Есть в новейшей архитектуре, в «урбанизме», да и во всей современной технической цивилизации, нечто несовместимое с итальянским прошлым, с итальянским искусством, самым органическим, самым природным из всех искусств. В несовместимости этой никак уж неповинны строители новой Италии. Сознательно или нет, но они даже смягчают разлад тем компромиссом, на который, хоть и немного насильственно, они стремятся пойти с древне–римской архитектурой. Что поделать, если бетон, железо и стекло уже сами по себе калечат живое тело, если завод или вокзал, вполне уместный в Берлине, кажется несносным во Флоренции или в Неаполе. Световые рекламы украшают Нью–Йорк и не уродуют Парижа; в Риме они — фальшивые алмазы, натыканные в небо, вместо звезд. Прожекторы, освещающие Площадь Согласия, нас не оскорбляют, но у фонтана Треви они отнимают по вечерам всю его поэзию. Световые излишества, ставшие столь обычными в наше время, полночи терзают Рим, приученный к живому огню факелов между окнами дворцов и плошек, еще и сейчас зажигаемых иногда в замке Св. Ангела. С Капитолия падает плашмя мертвенный белый свет, на Яникуле глупо мигает то зеленым, то красным пятном подаренный аргентинцами маяк (вполне пригодный, должно быть, для Буэнос–Айреса), ослепительный фонарь убивает ночь на Пиацца Навона, а кругом тихие улицы уже во сне и мраке, электрические свечи потушены в церквах и только в Санта Мариа сопра Минерва над гробом фра Беато, вместо вечной лампады, изливает желтый свет угле–калильная старенькая лампочка.

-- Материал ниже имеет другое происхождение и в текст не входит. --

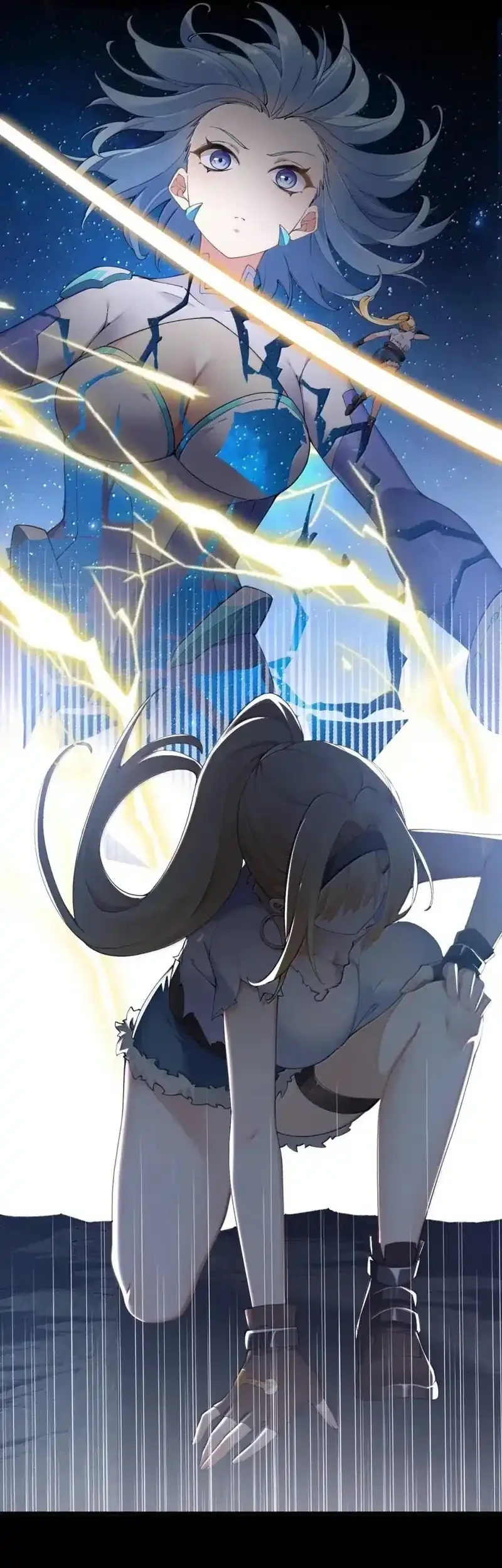 I Transmigrated Into Demon King Of Harem? Chapter 120 - halaman 15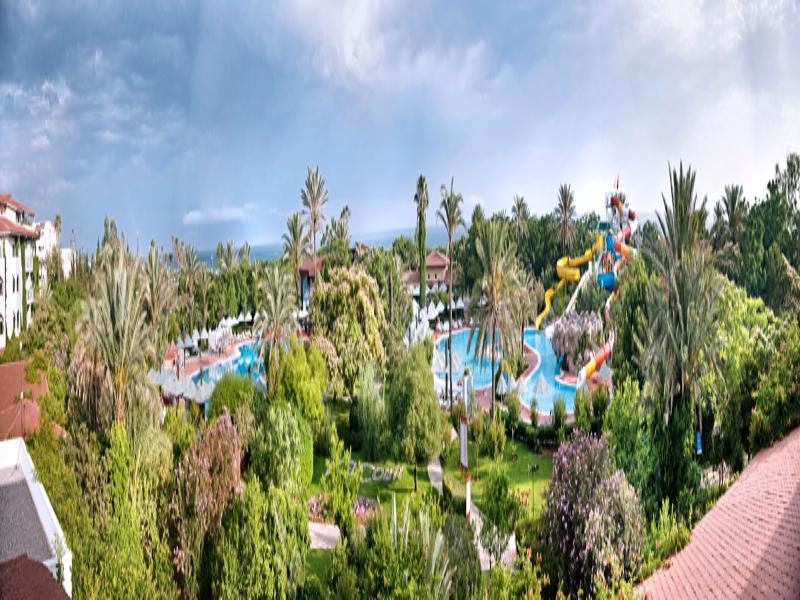 Belconti Resort Hotel - All Inclusive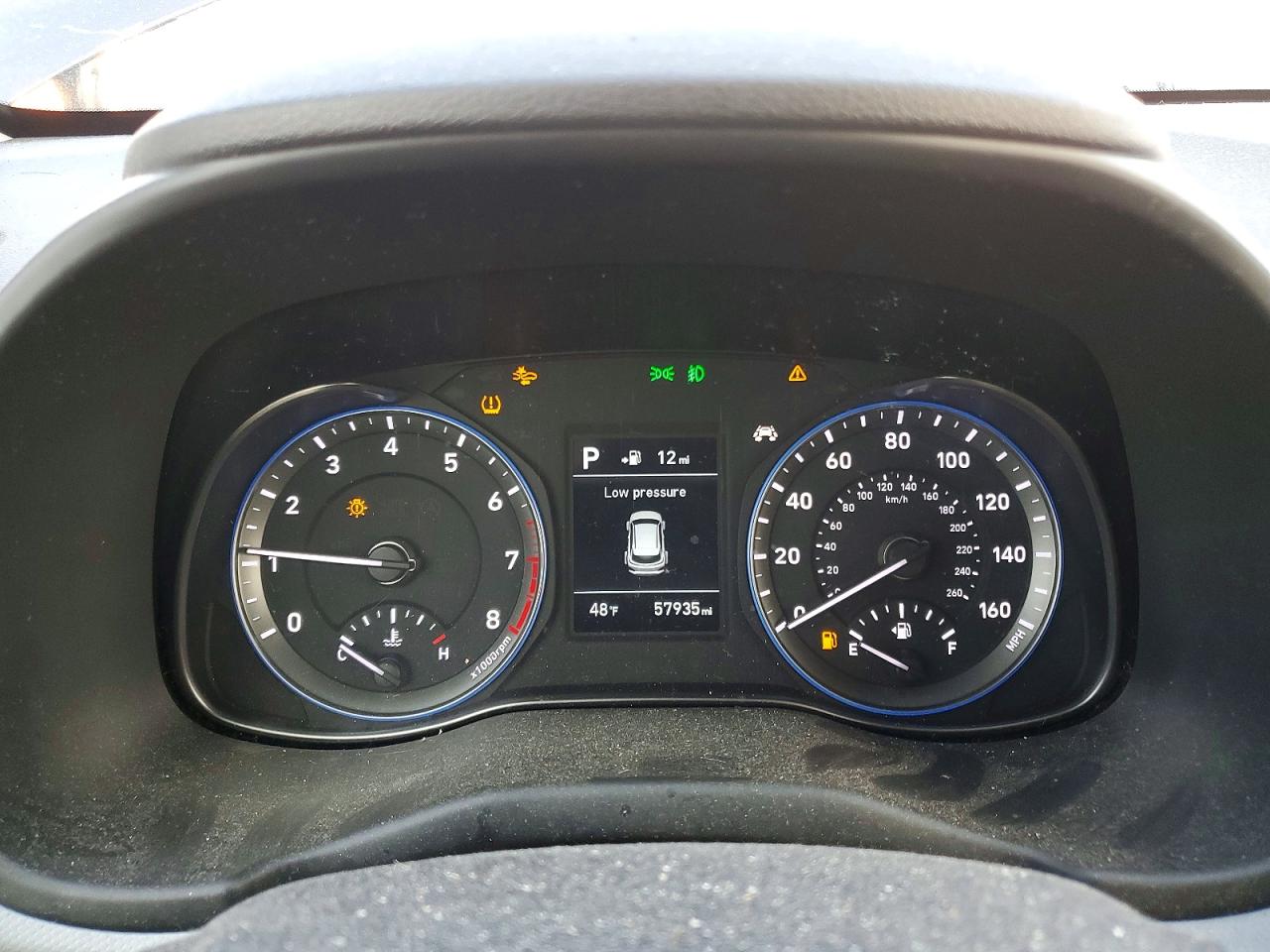 Hyundai KONA Sel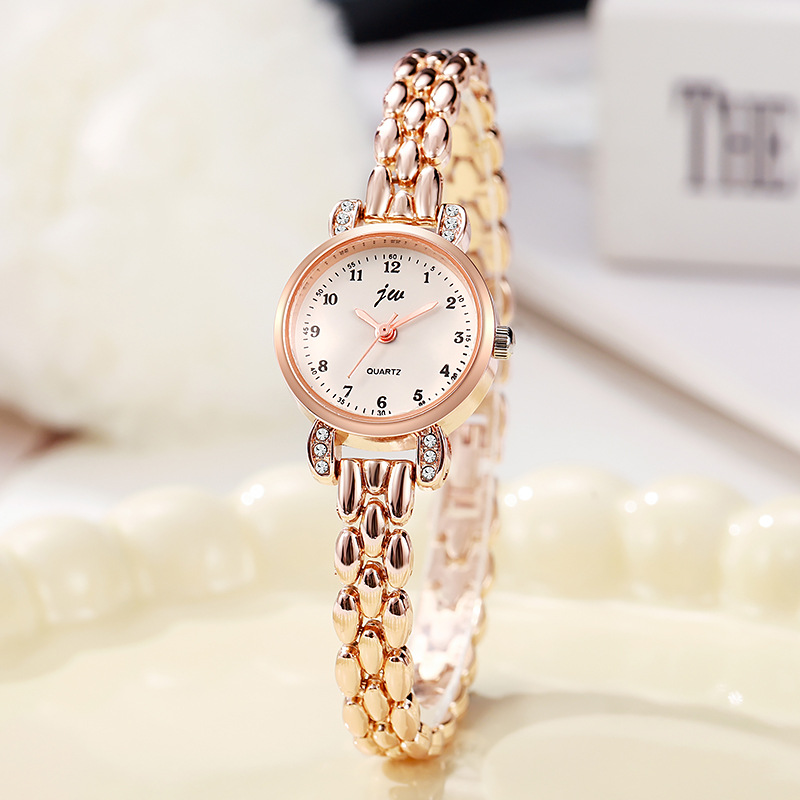Fashion Women Bracelet Watches - Luxury Watch Arabic 评论和价格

Стоит ли сетовать? Несмотря на все перемены, Италия остается Италией, и Рим, слава Богу, всё еще вечный Рим. «Высокие дворцы», к которым Гете обращается в стихах, еще стоят, хотя и сдаются в наем квартиры в палаццо Барберини; их фасады обрамляют узкое Корсо, где пришлось ввести sens unique не только для автомобилей, но и для пешеходов. Попрежнему несчетные купола мягко плывут над городом, и собор открывает за рекой объятия Берниниевой колоннады. Не в сторону Остии и не по Фламиниевой, а по Аппиевой дороге, надо уходить из Рима и возвращаться в Рим. Среди могил, среди полей она тянется ровная, прямая; обернитесь: исчезли века, и вы снова в той картине Лоррена, где колонны врастают в землю и мраморы поросли травой, где в летнем сумраке гаснет древний мир, — в картине, которую назвал неизвестно кто «Падением Римской империи».

Притяжение Италии

Сухопарые англичанки с красными книжками в руках торчат на перекрестках, как фонарные столбы, и отвесные тени падают от них на помпейские нежилые улицы. Другие, из таких же книжек почерпнув урок,, с выражением исполненного долга на лице, крошат булку голубям на площади св. Марка. Третьи, запрокинув головы на деревянную спинку скамьи, полувывихнув шею, созерцают потолок Сикстинской капеллы и удивляются вслух странному имени Майкель–Энджело. В июльский полдень бравые баварцы, обливаясь потом, восходят на Палатин «или ползают по крыше Миланского собора; на них толстые шерстяные куртки, такие же чулки, подбитые железом башмаки и зеленые войлочные шляпы с кокетливым петушиным перышком. Во Флоренции, над Понте–Веккио, в коридоре, что соединяет галлереи Питти и Уфиций, бородатый мужчина, в новых калошах, с отчаянием ищет чего‑то в путеводителе Филиппова и, встретив соотечественника, умоляет разъяснить, где же тут, наконец, «этот их хваленый Баптистерий».